━━━━━ Source material ━━━━━
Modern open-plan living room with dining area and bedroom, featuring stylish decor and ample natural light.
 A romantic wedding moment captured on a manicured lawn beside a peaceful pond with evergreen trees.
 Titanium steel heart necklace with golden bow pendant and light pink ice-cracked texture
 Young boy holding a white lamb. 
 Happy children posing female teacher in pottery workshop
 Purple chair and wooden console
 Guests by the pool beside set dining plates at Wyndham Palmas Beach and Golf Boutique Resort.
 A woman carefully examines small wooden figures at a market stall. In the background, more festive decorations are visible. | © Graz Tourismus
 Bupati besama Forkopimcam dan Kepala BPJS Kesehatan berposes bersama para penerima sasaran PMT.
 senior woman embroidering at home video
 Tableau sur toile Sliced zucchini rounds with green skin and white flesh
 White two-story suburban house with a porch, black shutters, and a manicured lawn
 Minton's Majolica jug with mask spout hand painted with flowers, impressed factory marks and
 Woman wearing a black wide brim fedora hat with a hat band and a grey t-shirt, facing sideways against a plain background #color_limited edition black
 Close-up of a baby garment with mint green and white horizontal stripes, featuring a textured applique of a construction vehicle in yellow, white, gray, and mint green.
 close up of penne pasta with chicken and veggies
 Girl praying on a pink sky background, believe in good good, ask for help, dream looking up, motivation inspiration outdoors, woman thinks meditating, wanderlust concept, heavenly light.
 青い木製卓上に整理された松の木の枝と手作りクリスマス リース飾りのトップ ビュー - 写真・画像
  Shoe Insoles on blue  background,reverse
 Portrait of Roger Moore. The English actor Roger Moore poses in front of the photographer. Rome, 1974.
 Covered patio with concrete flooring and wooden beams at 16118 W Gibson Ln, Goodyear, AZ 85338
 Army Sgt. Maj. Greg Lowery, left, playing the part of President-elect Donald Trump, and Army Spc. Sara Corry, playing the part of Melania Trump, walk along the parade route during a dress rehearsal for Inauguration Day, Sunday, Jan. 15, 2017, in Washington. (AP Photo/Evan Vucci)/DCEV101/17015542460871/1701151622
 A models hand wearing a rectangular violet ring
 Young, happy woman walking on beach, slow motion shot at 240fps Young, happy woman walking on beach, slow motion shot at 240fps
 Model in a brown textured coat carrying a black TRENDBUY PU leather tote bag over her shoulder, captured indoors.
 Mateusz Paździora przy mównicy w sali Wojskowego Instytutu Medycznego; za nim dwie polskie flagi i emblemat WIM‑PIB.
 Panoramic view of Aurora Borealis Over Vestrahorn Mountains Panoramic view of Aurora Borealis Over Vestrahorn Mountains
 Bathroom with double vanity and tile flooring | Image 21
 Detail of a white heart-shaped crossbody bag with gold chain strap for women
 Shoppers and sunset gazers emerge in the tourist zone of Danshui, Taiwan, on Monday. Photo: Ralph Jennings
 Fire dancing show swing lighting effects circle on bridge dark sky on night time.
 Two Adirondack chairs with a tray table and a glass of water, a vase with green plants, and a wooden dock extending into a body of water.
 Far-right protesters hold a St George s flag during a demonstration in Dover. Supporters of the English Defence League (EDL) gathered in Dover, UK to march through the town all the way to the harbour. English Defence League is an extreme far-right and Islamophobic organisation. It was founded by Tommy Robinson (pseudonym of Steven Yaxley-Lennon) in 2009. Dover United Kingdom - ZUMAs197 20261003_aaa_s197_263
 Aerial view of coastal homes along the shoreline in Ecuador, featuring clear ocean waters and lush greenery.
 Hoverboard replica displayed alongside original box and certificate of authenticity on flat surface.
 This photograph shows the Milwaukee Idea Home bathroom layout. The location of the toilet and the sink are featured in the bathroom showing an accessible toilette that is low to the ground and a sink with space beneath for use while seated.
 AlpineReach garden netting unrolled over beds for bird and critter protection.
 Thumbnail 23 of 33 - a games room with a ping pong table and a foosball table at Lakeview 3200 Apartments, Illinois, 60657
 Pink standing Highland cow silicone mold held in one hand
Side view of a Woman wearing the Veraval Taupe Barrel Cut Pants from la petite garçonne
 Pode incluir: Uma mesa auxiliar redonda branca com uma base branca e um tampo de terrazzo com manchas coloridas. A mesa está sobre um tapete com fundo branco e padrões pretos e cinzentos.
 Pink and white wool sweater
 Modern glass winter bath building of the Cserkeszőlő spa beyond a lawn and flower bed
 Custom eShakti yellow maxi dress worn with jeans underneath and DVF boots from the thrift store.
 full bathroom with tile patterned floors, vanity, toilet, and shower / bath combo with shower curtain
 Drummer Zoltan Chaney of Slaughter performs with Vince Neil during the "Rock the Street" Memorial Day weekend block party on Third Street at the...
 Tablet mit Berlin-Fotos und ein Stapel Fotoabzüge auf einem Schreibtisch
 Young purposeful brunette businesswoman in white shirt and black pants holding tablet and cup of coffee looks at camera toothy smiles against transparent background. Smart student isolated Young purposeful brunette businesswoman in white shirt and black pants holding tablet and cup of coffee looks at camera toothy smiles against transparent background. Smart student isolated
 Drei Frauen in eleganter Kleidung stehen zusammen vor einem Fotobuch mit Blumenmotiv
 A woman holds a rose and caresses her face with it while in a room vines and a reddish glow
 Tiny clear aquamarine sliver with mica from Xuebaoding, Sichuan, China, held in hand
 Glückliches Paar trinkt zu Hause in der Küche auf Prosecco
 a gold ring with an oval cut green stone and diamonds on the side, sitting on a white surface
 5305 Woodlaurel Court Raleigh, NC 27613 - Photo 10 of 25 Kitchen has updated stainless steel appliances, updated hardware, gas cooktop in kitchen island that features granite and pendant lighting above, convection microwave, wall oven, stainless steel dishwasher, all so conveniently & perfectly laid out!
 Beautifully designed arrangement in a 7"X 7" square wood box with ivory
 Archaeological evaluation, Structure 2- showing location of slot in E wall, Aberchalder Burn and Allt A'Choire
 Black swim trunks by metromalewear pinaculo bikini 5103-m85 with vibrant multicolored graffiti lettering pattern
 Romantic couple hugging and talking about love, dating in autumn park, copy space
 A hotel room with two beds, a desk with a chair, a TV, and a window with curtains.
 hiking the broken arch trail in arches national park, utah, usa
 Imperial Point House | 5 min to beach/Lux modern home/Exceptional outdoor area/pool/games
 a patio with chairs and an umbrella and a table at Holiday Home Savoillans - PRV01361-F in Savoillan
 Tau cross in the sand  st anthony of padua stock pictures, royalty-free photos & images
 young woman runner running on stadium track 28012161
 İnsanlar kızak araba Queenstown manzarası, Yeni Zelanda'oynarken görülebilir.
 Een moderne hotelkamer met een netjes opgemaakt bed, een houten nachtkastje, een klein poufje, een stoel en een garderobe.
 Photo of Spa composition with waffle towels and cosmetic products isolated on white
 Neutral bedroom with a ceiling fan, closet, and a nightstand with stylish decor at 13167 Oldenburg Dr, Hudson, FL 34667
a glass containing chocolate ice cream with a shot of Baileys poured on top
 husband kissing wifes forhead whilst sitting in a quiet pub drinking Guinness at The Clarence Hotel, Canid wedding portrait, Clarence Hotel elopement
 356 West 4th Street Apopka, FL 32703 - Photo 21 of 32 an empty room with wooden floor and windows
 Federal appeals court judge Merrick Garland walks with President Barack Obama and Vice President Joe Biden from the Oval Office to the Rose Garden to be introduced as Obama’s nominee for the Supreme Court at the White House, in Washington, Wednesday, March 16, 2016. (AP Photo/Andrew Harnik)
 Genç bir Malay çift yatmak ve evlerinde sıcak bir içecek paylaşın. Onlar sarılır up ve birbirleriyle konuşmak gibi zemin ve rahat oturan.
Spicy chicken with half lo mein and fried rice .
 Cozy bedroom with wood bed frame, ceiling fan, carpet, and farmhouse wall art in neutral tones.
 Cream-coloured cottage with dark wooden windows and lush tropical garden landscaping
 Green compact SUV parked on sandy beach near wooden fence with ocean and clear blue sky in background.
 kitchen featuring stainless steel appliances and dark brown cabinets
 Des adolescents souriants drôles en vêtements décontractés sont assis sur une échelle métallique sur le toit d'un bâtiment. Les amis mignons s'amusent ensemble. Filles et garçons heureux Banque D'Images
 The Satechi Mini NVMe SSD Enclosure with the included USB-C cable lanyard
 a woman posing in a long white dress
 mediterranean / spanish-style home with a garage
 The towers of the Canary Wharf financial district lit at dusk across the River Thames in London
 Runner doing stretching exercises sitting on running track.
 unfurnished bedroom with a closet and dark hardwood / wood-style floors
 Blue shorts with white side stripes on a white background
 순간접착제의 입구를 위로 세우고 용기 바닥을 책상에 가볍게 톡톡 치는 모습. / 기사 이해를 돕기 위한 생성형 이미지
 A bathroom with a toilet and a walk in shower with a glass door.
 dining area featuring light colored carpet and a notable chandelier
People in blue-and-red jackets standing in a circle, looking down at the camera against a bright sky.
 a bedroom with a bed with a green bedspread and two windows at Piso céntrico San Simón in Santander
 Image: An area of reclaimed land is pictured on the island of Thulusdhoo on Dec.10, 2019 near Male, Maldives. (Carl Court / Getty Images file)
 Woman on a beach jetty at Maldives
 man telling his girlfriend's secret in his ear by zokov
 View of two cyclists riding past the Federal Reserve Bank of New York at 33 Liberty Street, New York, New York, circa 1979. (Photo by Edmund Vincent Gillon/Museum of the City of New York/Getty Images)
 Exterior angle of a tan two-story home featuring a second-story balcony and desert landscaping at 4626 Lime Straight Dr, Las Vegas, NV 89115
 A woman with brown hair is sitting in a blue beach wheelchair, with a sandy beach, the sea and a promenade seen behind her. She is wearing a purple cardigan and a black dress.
━━━━━
## Assignment
Quote, with nothing altered, all lines from the start of the entries to the line that carries "White two-story suburban", inclusive.

## Output of the exercise
Modern open-plan living room with dining area and bedroom, featuring stylish decor and ample natural light.
 A romantic wedding moment captured on a manicured lawn beside a peaceful pond with evergreen trees.
 Titanium steel heart necklace with golden bow pendant and light pink ice-cracked texture
 Young boy holding a white lamb. 
 Happy children posing female teacher in pottery workshop
 Purple chair and wooden console
 Guests by the pool beside set dining plates at Wyndham Palmas Beach and Golf Boutique Resort.
 A woman carefully examines small wooden figures at a market stall. In the background, more festive decorations are visible. | © Graz Tourismus
 Bupati besama Forkopimcam dan Kepala BPJS Kesehatan berposes bersama para penerima sasaran PMT.
 senior woman embroidering at home video
 Tableau sur toile Sliced zucchini rounds with green skin and white flesh
 White two-story suburban house with a porch, black shutters, and a manicured lawn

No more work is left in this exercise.